Railroads, The Box, and Scale
Rostow's book is an attempt to argue that Marx's principles were wrong. Rather than all social, economic, and political order following from the economic order, Rostow argues that there is a dialogue among those institutions. He identifies stages of growth from a traditional society through take-off into maturity and high consumption. It is in the preconditions for take-off and take-off phases that we are interested because there he claims that railroads are important.
First, Rostow claims that society's attitudes about (1) fundamental and applied science, (1) initiation of change in production methods, (3) risk taking, and (4) conditions and methods of work must all change. Then he notes two problems: you need an increase in the productivity of agriculture and extraction, and you need "social overhead capital". The productivity in agriculture and mining are necessary for 3 reasons: (1) you need to feed everyone that moves to the city, (2) you need to drive demand for goods (both consumer and equipment), and (3) you need to provide surplus capital to be saved/invested. Rostow claims that the social overhead capital has three characteristics (yes, he likes to have concise lists of everything, an unfortunate trait that I share and sometimes wish I didn't): (1) they have a long payoff period, (2) they have to be delivered in complete packages (i.e. a railroad from Chicago to San Francisco is no good only half complete), and (3) the returns to the community through "indirect chains" are greater than the returns to the entrepreneurs. About this, he concludes,
"Taken together, these three characteristics of social overhead capital -- the long periods of gestation and pay-off, the lumpiness, and the indirect routes of pay-off -- decree that governments must generally play an extremely important role in the process of building social overhead capital; which means governments must generally play an extremely important role in the precondition period." (p. 25)In support of this, he cites the period 1815-1840 which saw the support of the Erie Canal by the State of NY and "great American continental railway networks [which] were built with enormous federal subsidies in the form of land grants."
Later, when discussing the actual take-off period, Rostow returns to the emphasis on the railroad.
"The introduction of the railroad has been historically the most powerful single initiator of take-offs. It was decisive in the United States, Francee, Germany, Canada, and Russia; it has played an extremely important part in the Swedish, Japanese, and other cases." (p. 55)As usual, he finds three kinds of impact: (1) by lowering transport costs. railroads (performed the Smithian function of widening the market" (p/55), (2) railroads were a prerequisite to the development of the export sector (which is necessary to provide further expansion capital), and (3) railroads required the development of secondary sectors of coal, iron, and engineering.

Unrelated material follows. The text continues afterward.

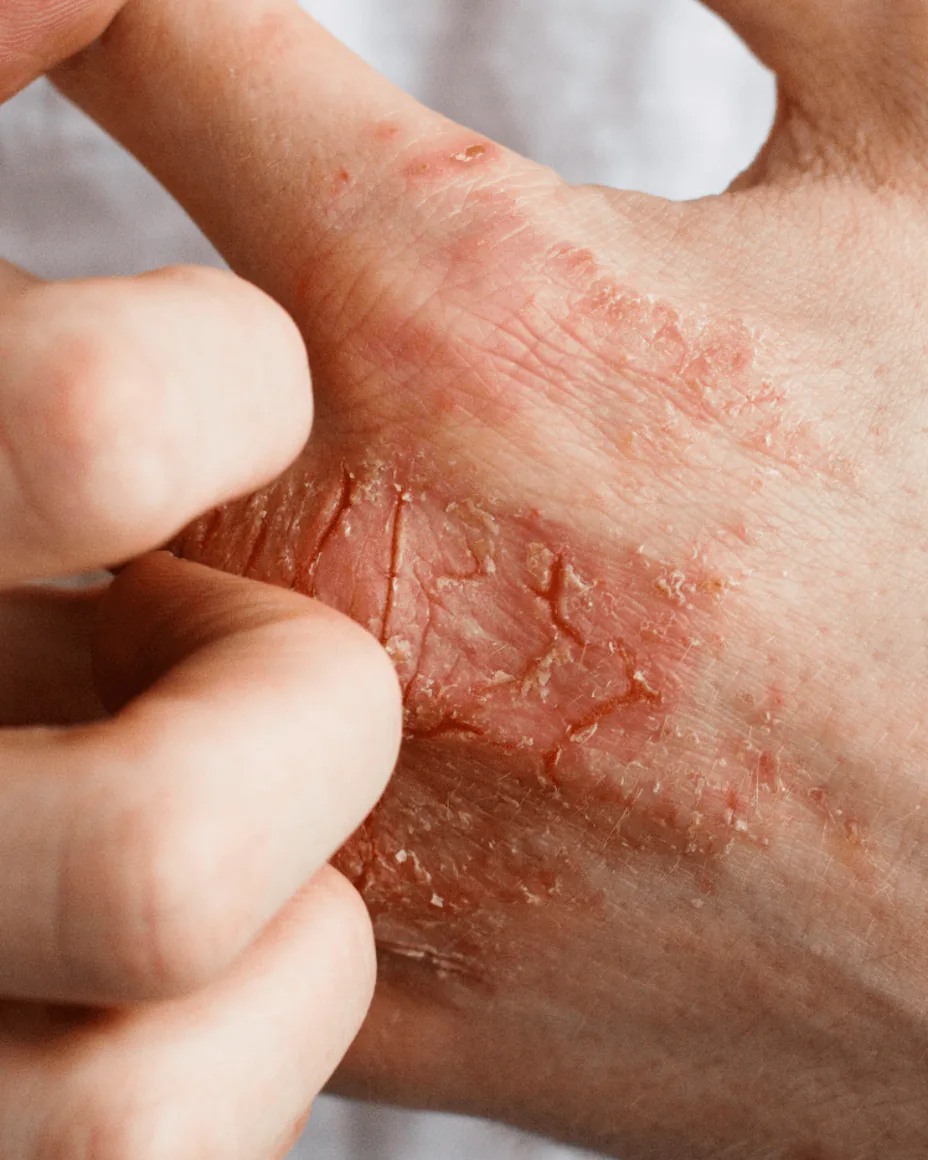 Eczema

I have (you guessed it) two comments on this. First, Rostow is looking back at the process and deriving ought from is (was). That is, he looks at the American and other national movements toward industrialization and "maturity" and sees the railroads, notes the importance of railroads and the government aid to them, and determines that this was necessary then and will be for any other country to achieve that same results. Note that he does not say, "governments played an important part", but rather he says, "governments must play an important part." Rostow does not acknowledge the fact that prior to railroads many turnpikes were privately operated and owned, nor does he account for Hill's Great Northern which received no federal subsidies. In fact, the first two of the three characteristics of social overhead capital are false: short haul railroads were very useful, it was the federally subsidized transcontinentals that were the problem. As Hill noted, the Union Pacific was an apple tree without branches, built that way because that was what Uncle Sam was buying (mostly because the North wanted California on their side). All of the other railroads were built in small bits to serve farmers and miners along the way, only being put together later. The third characteristic, that they paid the entrepreneurs off indirectly, is simply bizarre. Last I understood it, Vanderbilt and Hill were very wealthy men.

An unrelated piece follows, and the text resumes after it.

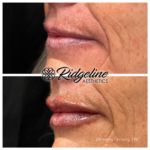 Lip Filler Before and After - Ridgeline Aesthetics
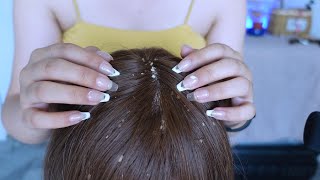 ASMR  Dandruff Removal amp Scalp Check Extremely Satisfying [upl. by Margot]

Second, Rostow is engaged in circular reasoning. Is he really saying that in order to bring about a capital-intensive social, political, and economic arrangement, we must have capital intensity arranged by a state designed to marshal capital? It begs the question,- why do we want such a society? That he is suggesting that requires no guessing. He specifically says that he wants workers moving to the city, which requires advances in agriculture in mining. Those advances are capital-thirsty in nature. And once you have the population in urban areas, it requires capital investments (wagons, rails, warehouses, stores) to get the food to them. And what are the workers going to do in those cities, by the way? Operate machinery. So yes, it does require capital in order to create a capital-intensive society, by but he never directly confronts why we would want to do that in the first place; at best, he makes the point that real incomes rose during the take-off and subsequently. But even if we want a capital-intensive society, why must the state be involved? He only seems to be saying it should because it did.